• What to work on: Find the line containing "337 Melrose Street - Photo 4" in the listing below. Repeat it exactly, along with each following line up to and including the one containing "Foto gratuita concepto".

Start of Supplied material

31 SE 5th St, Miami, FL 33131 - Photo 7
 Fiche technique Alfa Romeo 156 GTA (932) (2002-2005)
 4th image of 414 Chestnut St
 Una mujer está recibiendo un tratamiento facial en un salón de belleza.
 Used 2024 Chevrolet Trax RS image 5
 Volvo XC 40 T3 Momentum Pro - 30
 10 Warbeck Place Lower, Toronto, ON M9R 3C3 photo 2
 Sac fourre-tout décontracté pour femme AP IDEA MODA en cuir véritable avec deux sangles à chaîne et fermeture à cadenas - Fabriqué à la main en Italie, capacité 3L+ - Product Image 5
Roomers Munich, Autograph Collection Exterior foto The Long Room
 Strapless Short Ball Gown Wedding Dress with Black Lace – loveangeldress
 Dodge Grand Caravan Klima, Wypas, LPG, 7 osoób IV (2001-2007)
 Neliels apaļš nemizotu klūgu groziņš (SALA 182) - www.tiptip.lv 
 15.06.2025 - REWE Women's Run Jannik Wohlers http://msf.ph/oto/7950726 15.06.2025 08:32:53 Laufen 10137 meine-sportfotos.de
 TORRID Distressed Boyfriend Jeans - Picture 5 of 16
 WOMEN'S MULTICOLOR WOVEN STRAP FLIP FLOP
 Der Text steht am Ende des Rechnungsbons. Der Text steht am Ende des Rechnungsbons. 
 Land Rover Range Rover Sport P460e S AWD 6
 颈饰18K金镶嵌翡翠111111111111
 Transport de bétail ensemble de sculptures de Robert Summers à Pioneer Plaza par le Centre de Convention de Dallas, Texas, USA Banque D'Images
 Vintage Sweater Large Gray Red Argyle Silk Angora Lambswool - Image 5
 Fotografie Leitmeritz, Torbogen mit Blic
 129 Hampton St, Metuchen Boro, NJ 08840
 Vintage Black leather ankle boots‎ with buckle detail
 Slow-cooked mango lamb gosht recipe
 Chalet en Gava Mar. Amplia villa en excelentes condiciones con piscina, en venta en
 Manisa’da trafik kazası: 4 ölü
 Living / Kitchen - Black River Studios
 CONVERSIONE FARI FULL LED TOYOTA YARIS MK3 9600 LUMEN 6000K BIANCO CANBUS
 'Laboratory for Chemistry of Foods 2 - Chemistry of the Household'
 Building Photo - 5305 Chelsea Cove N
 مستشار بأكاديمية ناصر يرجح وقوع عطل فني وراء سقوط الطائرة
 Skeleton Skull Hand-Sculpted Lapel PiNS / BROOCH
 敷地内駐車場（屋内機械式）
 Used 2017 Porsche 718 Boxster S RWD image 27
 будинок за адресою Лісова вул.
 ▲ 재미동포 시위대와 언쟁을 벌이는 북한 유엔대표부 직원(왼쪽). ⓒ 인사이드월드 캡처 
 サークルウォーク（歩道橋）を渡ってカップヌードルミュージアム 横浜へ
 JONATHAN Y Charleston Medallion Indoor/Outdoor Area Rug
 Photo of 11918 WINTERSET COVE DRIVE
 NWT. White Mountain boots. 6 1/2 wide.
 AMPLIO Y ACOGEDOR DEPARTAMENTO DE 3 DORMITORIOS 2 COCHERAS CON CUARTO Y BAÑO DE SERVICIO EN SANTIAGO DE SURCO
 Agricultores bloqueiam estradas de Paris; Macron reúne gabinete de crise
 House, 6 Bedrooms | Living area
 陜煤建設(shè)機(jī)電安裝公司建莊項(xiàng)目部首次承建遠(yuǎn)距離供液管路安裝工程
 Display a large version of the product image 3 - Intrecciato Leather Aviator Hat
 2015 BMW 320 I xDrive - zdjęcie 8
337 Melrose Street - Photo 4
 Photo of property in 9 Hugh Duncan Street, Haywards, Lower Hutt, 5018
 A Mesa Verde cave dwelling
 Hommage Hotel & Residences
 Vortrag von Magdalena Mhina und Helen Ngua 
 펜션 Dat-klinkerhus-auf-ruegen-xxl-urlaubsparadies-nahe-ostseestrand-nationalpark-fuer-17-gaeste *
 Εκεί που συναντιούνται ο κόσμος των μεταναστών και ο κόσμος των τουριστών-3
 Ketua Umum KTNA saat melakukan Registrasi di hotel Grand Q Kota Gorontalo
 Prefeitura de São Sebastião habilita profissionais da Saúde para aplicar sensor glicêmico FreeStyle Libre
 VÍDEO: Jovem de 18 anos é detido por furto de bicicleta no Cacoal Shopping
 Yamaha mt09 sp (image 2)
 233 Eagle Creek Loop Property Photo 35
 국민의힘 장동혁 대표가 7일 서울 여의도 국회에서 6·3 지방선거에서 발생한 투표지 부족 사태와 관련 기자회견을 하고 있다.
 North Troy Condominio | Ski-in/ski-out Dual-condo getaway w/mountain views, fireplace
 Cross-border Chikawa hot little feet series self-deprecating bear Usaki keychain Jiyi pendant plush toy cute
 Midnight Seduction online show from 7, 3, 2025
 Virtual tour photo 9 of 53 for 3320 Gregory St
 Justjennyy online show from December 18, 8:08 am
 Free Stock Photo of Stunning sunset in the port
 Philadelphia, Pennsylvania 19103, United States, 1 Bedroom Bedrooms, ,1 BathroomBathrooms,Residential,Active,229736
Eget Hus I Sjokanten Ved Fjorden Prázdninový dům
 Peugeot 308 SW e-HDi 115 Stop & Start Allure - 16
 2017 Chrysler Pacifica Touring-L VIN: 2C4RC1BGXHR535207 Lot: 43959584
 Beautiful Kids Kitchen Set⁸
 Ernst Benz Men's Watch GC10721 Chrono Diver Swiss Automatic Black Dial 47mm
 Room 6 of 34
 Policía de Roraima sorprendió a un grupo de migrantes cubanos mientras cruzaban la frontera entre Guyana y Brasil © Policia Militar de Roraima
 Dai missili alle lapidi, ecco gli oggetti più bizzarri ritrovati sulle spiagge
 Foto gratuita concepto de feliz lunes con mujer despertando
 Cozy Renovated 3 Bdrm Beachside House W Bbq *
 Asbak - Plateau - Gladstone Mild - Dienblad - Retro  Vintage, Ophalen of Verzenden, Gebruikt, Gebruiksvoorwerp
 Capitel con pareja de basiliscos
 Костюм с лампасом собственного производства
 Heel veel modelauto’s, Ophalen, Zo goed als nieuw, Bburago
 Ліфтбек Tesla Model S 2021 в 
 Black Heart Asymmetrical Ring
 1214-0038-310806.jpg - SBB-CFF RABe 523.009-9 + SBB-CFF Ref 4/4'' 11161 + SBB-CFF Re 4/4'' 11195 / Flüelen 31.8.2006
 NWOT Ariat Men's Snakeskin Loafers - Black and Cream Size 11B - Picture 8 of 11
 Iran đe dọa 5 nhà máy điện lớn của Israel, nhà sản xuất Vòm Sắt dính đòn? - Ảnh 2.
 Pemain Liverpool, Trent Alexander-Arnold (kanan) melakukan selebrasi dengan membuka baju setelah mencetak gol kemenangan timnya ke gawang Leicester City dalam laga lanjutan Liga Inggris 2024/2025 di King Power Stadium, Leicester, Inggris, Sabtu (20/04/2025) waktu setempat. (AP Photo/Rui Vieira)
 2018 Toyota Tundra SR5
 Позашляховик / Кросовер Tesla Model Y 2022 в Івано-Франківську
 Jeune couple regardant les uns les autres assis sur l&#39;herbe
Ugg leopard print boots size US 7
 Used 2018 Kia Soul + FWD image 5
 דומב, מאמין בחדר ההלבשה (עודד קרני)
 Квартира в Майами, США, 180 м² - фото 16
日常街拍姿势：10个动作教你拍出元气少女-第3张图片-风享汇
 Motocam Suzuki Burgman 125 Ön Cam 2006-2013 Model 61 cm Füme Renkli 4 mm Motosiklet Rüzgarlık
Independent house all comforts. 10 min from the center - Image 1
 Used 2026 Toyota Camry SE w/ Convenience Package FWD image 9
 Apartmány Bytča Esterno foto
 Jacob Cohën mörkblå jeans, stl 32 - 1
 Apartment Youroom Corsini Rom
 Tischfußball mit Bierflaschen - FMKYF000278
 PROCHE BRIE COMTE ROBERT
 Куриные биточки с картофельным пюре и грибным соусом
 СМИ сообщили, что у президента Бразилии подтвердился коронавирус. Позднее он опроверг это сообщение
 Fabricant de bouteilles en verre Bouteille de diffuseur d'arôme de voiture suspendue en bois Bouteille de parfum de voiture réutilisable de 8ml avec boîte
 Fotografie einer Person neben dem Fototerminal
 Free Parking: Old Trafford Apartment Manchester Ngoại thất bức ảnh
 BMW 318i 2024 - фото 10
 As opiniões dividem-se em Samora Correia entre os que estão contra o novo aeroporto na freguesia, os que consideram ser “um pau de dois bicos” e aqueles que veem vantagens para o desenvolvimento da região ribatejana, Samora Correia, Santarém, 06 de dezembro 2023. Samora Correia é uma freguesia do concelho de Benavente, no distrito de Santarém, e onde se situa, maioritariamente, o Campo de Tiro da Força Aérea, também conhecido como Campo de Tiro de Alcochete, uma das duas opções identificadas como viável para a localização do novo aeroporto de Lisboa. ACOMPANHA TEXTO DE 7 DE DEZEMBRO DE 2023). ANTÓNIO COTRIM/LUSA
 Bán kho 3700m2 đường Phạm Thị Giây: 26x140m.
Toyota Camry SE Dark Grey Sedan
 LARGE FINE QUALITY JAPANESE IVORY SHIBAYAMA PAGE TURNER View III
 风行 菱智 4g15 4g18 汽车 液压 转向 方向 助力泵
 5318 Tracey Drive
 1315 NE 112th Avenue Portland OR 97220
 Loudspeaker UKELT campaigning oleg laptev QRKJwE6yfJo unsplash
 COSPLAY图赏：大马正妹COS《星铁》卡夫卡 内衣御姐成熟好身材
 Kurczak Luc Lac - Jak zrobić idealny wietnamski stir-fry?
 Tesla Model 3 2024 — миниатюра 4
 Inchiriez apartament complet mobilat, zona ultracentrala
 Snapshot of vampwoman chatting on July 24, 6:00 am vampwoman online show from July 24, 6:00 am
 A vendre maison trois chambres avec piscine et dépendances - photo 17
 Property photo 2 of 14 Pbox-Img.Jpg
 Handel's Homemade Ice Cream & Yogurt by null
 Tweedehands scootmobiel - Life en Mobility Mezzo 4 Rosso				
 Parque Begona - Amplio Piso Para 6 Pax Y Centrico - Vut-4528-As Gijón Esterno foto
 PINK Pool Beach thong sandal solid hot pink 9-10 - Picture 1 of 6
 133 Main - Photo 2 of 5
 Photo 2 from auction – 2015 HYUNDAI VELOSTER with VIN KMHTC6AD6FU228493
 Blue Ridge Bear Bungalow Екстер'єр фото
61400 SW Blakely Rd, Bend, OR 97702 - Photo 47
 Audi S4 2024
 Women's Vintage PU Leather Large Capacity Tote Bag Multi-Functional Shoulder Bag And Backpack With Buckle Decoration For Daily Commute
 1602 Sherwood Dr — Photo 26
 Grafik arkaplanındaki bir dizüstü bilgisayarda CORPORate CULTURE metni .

End of Supplied material

• Exercise response:
337 Melrose Street - Photo 4
 Photo of property in 9 Hugh Duncan Street, Haywards, Lower Hutt, 5018
 A Mesa Verde cave dwelling
 Hommage Hotel & Residences
 Vortrag von Magdalena Mhina und Helen Ngua 
 펜션 Dat-klinkerhus-auf-ruegen-xxl-urlaubsparadies-nahe-ostseestrand-nationalpark-fuer-17-gaeste *
 Εκεί που συναντιούνται ο κόσμος των μεταναστών και ο κόσμος των τουριστών-3
 Ketua Umum KTNA saat melakukan Registrasi di hotel Grand Q Kota Gorontalo
 Prefeitura de São Sebastião habilita profissionais da Saúde para aplicar sensor glicêmico FreeStyle Libre
 VÍDEO: Jovem de 18 anos é detido por furto de bicicleta no Cacoal Shopping
 Yamaha mt09 sp (image 2)
 233 Eagle Creek Loop Property Photo 35
 국민의힘 장동혁 대표가 7일 서울 여의도 국회에서 6·3 지방선거에서 발생한 투표지 부족 사태와 관련 기자회견을 하고 있다.
 North Troy Condominio | Ski-in/ski-out Dual-condo getaway w/mountain views, fireplace
 Cross-border Chikawa hot little feet series self-deprecating bear Usaki keychain Jiyi pendant plush toy cute
 Midnight Seduction online show from 7, 3, 2025
 Virtual tour photo 9 of 53 for 3320 Gregory St
 Justjennyy online show from December 18, 8:08 am
 Free Stock Photo of Stunning sunset in the port
 Philadelphia, Pennsylvania 19103, United States, 1 Bedroom Bedrooms, ,1 BathroomBathrooms,Residential,Active,229736
Eget Hus I Sjokanten Ved Fjorden Prázdninový dům
 Peugeot 308 SW e-HDi 115 Stop & Start Allure - 16
 2017 Chrysler Pacifica Touring-L VIN: 2C4RC1BGXHR535207 Lot: 43959584
 Beautiful Kids Kitchen Set⁸
 Ernst Benz Men's Watch GC10721 Chrono Diver Swiss Automatic Black Dial 47mm
 Room 6 of 34
 Policía de Roraima sorprendió a un grupo de migrantes cubanos mientras cruzaban la frontera entre Guyana y Brasil © Policia Militar de Roraima
 Dai missili alle lapidi, ecco gli oggetti più bizzarri ritrovati sulle spiagge
 Foto gratuita concepto de feliz lunes con mujer despertando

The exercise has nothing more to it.